Work task: A verbatim copy of the full data, with no pictures, is the expected answer.

[Dataset entries]
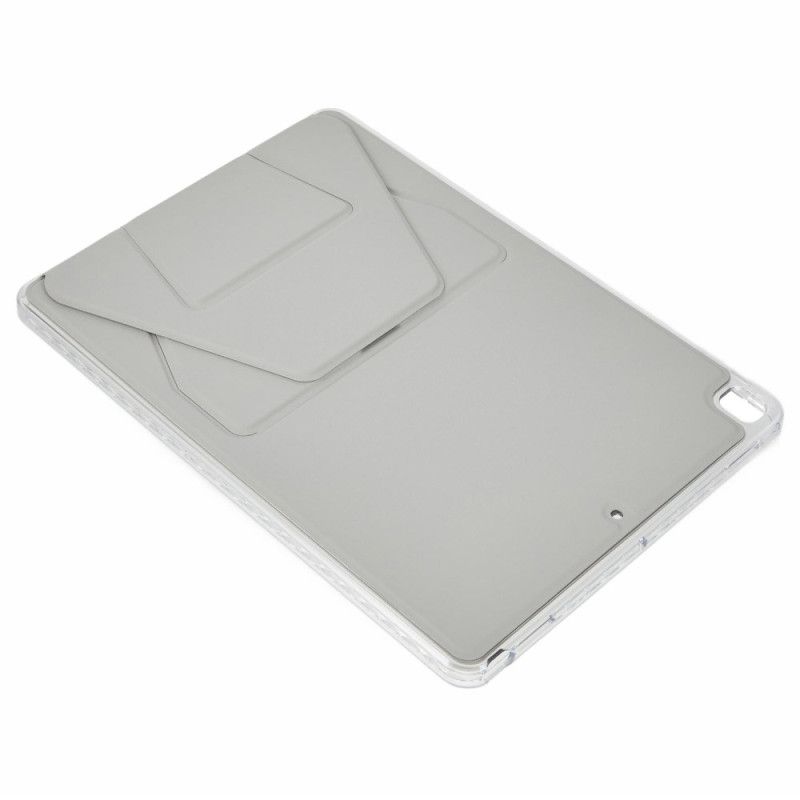 Cover iPad (2025) Telefon Etui Integreret Stativ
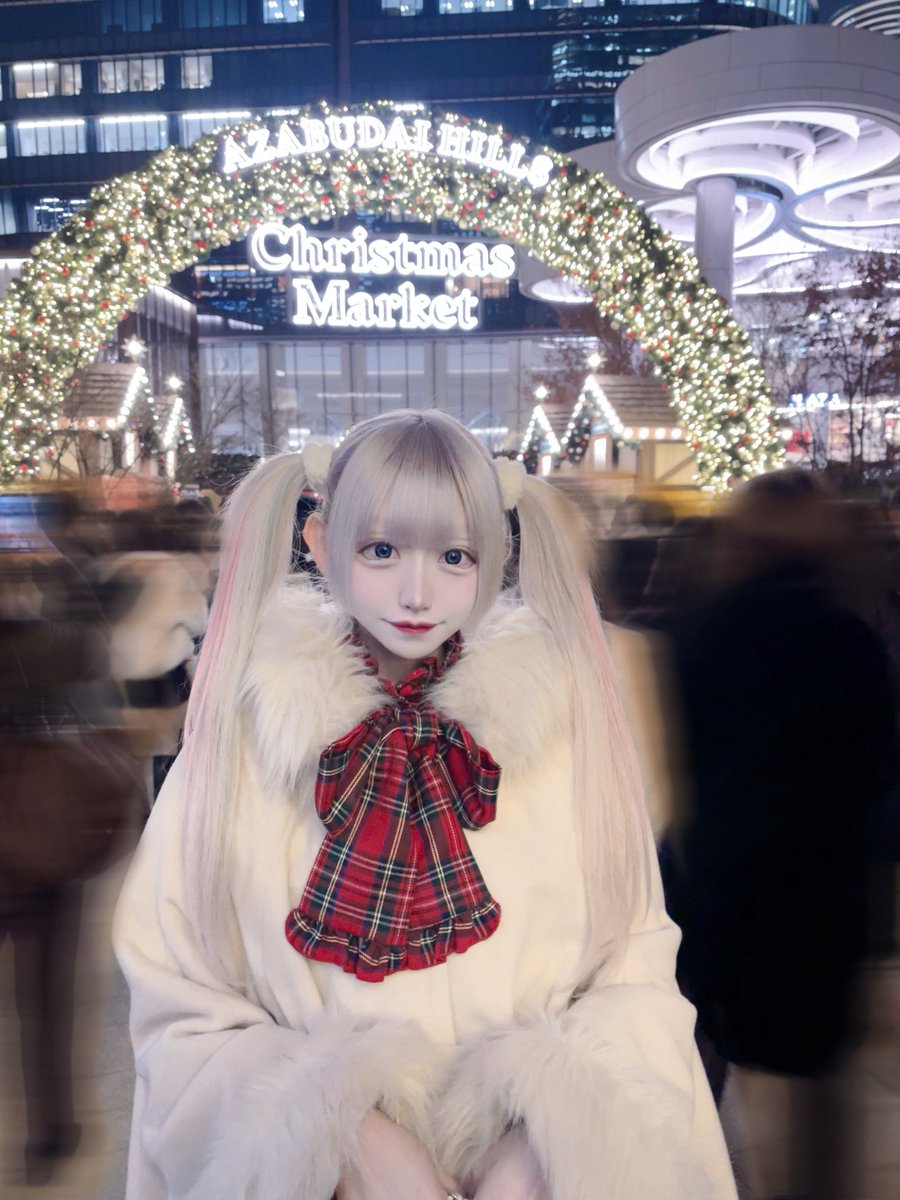 みぃちゃん♡ 様　no10 LaPeonierコラボ企画】TinyFox × みなほしちゃん 1/6スケールMJDドール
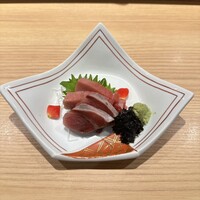 鮨やすぞう。 - 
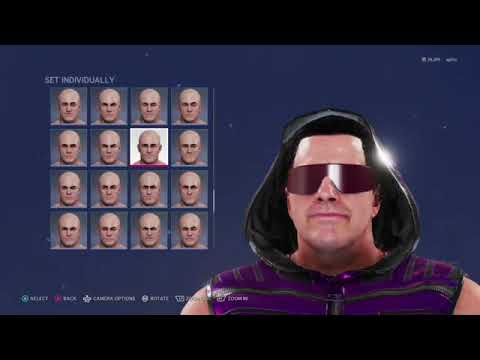 π
JCBW-TV (18+) Christmas is Coming!πβ Preparing JCBW Wrestling for the XBox /S via WWE2K20 1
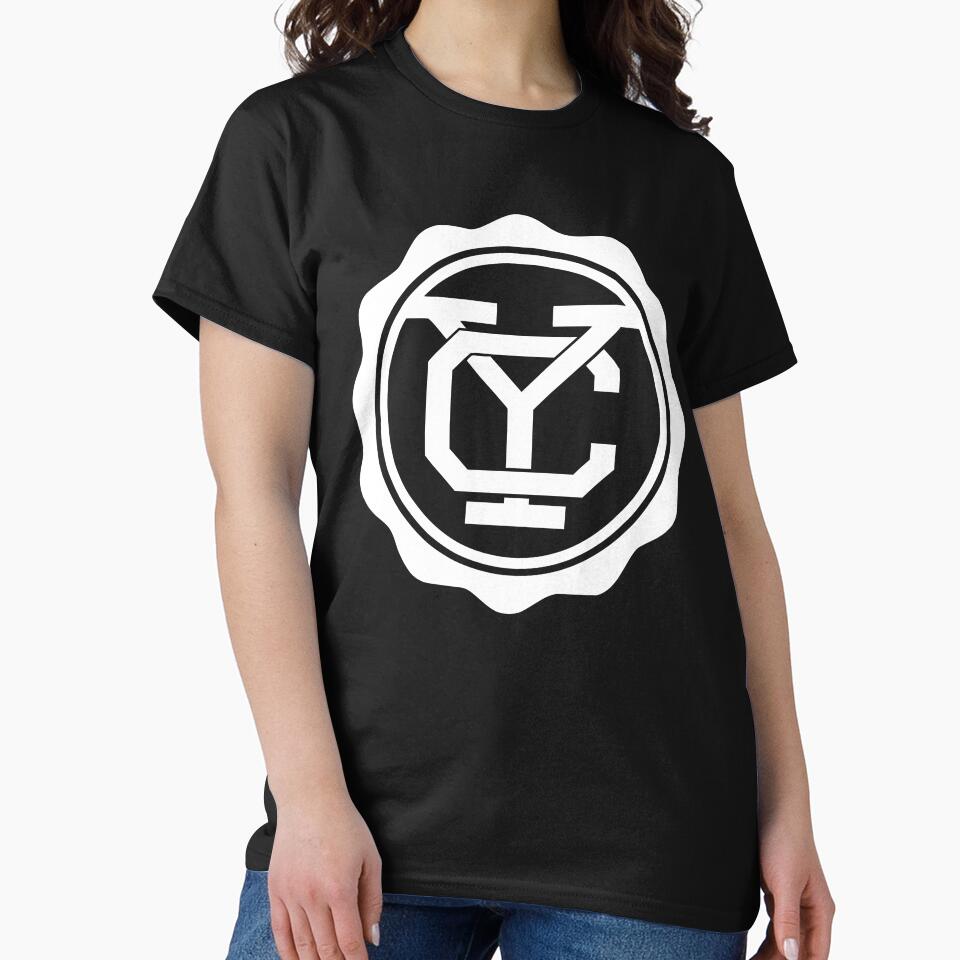 Yellowcard (Band) HD Logo (Ver. 2) by KPopverse2 T-Shirts, Hoodie, Sweatshirt | BlankRebels.com (Image 2)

Answer for this exercise:
 Cover iPad (2025) Telefon Etui Integreret Stativ
 みぃちゃん♡ 様　no10 LaPeonierコラボ企画】TinyFox × みなほしちゃん 1/6スケールMJDドール
 鮨やすぞう。 - 
 π
JCBW-TV (18+) Christmas is Coming!πβ Preparing JCBW Wrestling for the XBox /S via WWE2K20 1
 Yellowcard (Band) HD Logo (Ver. 2) by KPopverse2 T-Shirts, Hoodie, Sweatshirt | BlankRebels.com (Image 2)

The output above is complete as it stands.